Her organisation, the Memphis Council for International Visitors, doesn't have a local web presence, but contact information is here; scroll down to Tennessee. The webpage for the National Council for International Visitors gives some history, background and mission statements on the MCIV parent organisation. They are, in essence, "citizen diplomats," reaching across borders and oceans to connect people. There are about 95 volunteer-based programs across the country, of which the MCIV is one.

Read a bit about them:
NCIV has since grown to include 95 private, nonprofit organizations around the country, representing communities in 43 states, as well as 15 program agencies, 17 associate members, and numerous individual and corporate members. The NCIV network of citizen diplomats is strengthened by its reliance on dedicated community volunteers committed to increasing international understanding by opening their homes, schools, businesses, local government, and nonprofit agencies to leaders from abroad. Each year more than 80,000 volunteers working with the NCIV's program agency and community members provide short-term professional and cultural programs for visitors from around the world — prominent leaders in business, academia, the arts, science, agriculture, politics, and the media. In 2001, Senator Arlen Specter nominated these volunteer citizen diplomats for the Nobel Peace Prize.

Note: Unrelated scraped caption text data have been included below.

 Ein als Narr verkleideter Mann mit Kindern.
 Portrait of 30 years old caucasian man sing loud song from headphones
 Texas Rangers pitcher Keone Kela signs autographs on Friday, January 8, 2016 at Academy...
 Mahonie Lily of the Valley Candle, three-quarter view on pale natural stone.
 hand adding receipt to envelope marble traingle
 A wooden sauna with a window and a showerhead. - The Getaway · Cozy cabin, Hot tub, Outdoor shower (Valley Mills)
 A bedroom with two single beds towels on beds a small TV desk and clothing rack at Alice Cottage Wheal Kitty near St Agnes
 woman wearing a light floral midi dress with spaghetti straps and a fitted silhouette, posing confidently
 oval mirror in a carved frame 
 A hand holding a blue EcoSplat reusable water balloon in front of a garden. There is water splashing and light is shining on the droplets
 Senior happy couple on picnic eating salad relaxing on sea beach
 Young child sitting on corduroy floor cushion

The NCIV work in partnership with the US State Department International Visitor Program.

I haven't found much beyond this. The Commercial Appeal appears to have never written about Silverman or the MVIC, as a web site search turned up only the latest stories about the embarrassing fiasco of this week.

I did find a speech from the National CIV annual meeting of February of this year that mentions Silverman in a laudatory way. Here's the relevant part:
Time with another MCIV – this time in Memphis with dedicated Elisabeth Silverman again highlighted stepped up communication with various segments of the community. At a major event to honor founder and former NCIV Board member Betty Goff Cartwright, guests included the local imam as well as a Baptist minister who was on the platform with Martin Luther King, Jr. the day he was shot. Both often meet International Visitors.

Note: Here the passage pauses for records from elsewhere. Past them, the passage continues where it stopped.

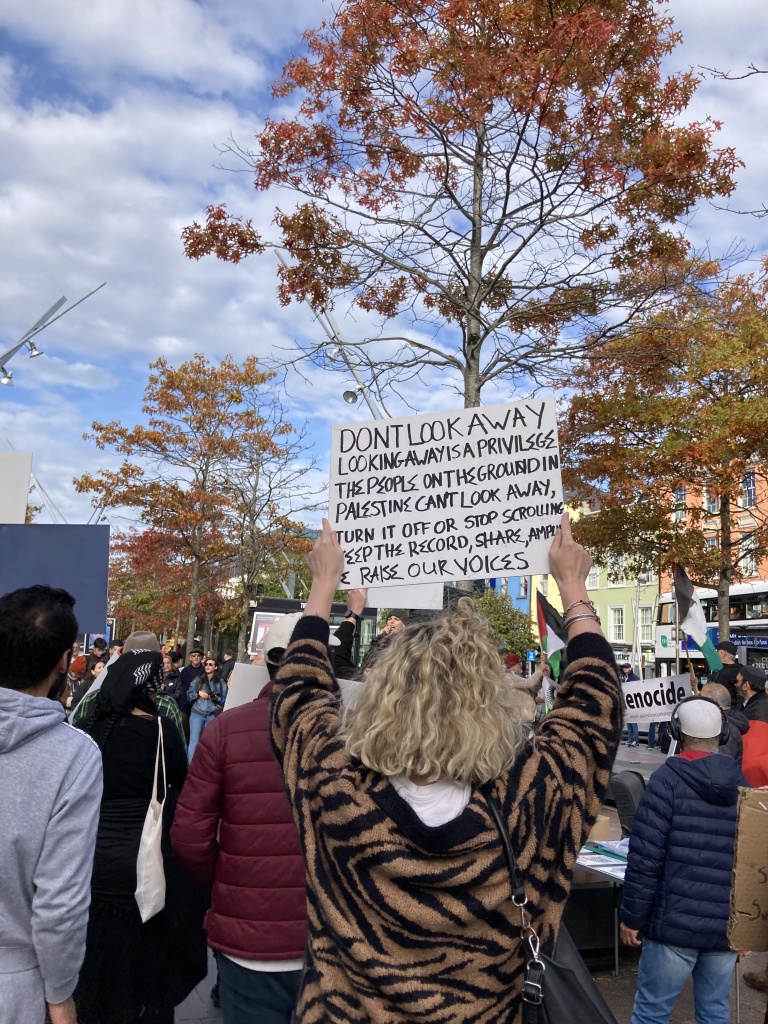 A blonde woman holding up a sign saying: "Don't look away. Looking away is a privilege. The people on the ground in Palestine can't look away, turn it off or stop scrolling. Keep the record, share, amplify & raise our voices."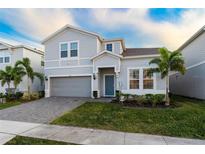 Charming two-story home with a manicured lawn, a paved driveway, and decorative palm trees at 2161 Lelani Cir, Davenport, FL 33897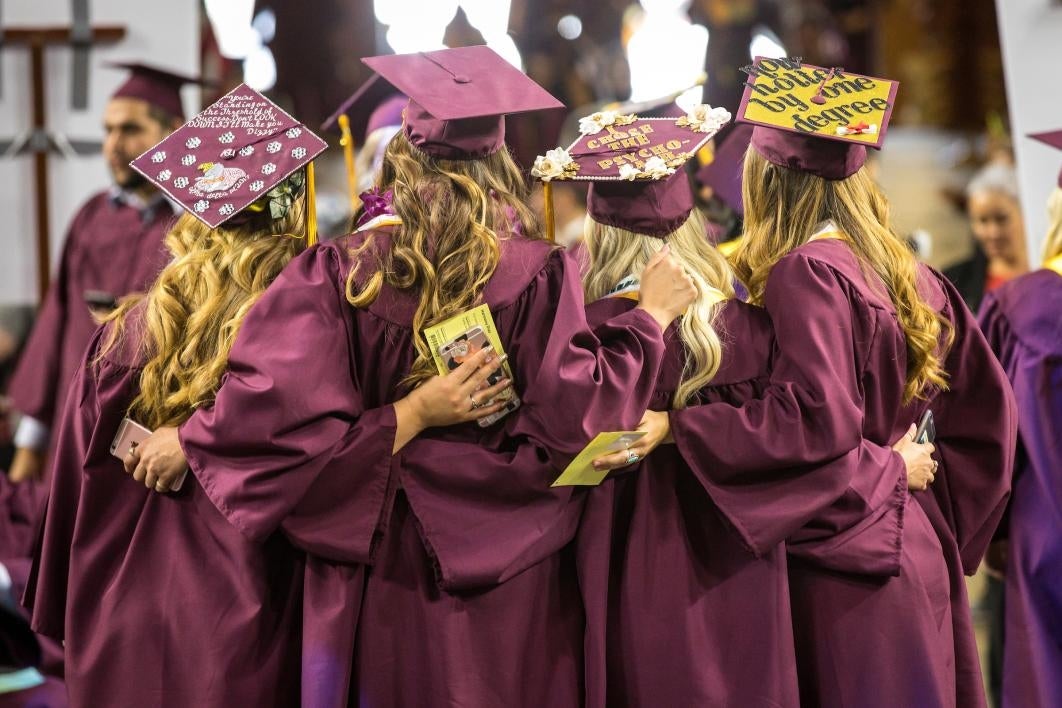 back of graduates taking group photo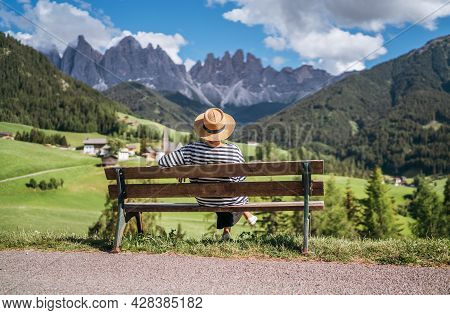 Backpacker Woman With Backpack And Trekking Poles Enjoying The Turquoise Lago Di Sorapiss 1925m Alti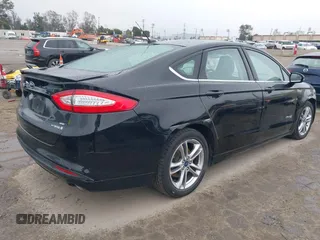 2016 Ford Fusion SE Hybrid with VIN 3FA6P0LU5GR356433, listed as a IAAI auction lot 41799204 with 157,670 mi miles. Bid and sale history available at carsss.com. Image 4.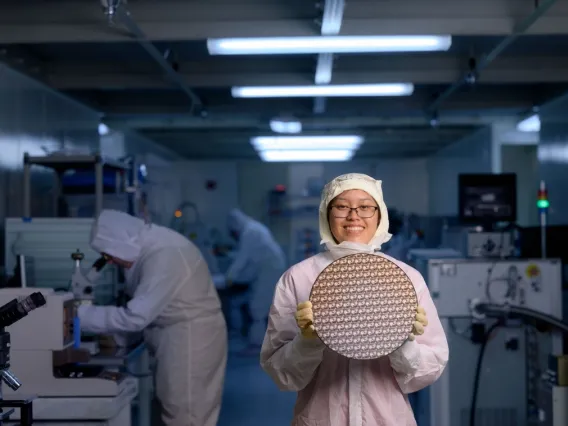 student in bunny suit stands in cleanroom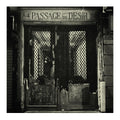 Vintage black and white photo of a door with 'Passage du Désir' sign above it.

On Saturday after meeting with the MCIV Board, Elisabeth took me to Graceland. I will confess to you that I didn’t expect to be captivated – but I was – completely. The whole experience reminded me of that delightful play by Steve Martin entitled “Picasso at the Lapin Agile.” In essence, main characters Picasso and Einstein who in 1904 hang out at the Lapin Agile in Paris are debating who will have the biggest place in the history of the 20th Century. The debate takes on a new dimension when an unexpected time traveling visitor, Elvis, reminds them that there are various ways to have an impact on history. Please remember that as you interact with International Visitors. You are having an impact on history in ways you cannot even imagine.
Man, talk about words coming back to haunt you!

That's one thing I did notice in some other references I found with Silverman and the MCIV, including the recent news stories: the fondness of the MCIV for taking visitors to the National Civil Rights Museum and to Graceland. Jeez, don't we have anything else that might be culturally or historically important to show off? Dull, dull, dull.... What about the Promenade? Shelby Farms? Rev. Al Green's church, which would expose visitors to the "real" Memphis? Cooper-Young, a perfect example of non-government funded neighborhood reclamation and renewal? Stax? The list of great stuff that's not downtown or dead-people related is huge and something to be proud of.

I did find that the Grant Center, a Mid-South non-profit agency, awarded MCIV $7000 back in 1998. And this University of Memphis press release mentions the MCIV in association with a Benjamin Hooks speech there in 2002.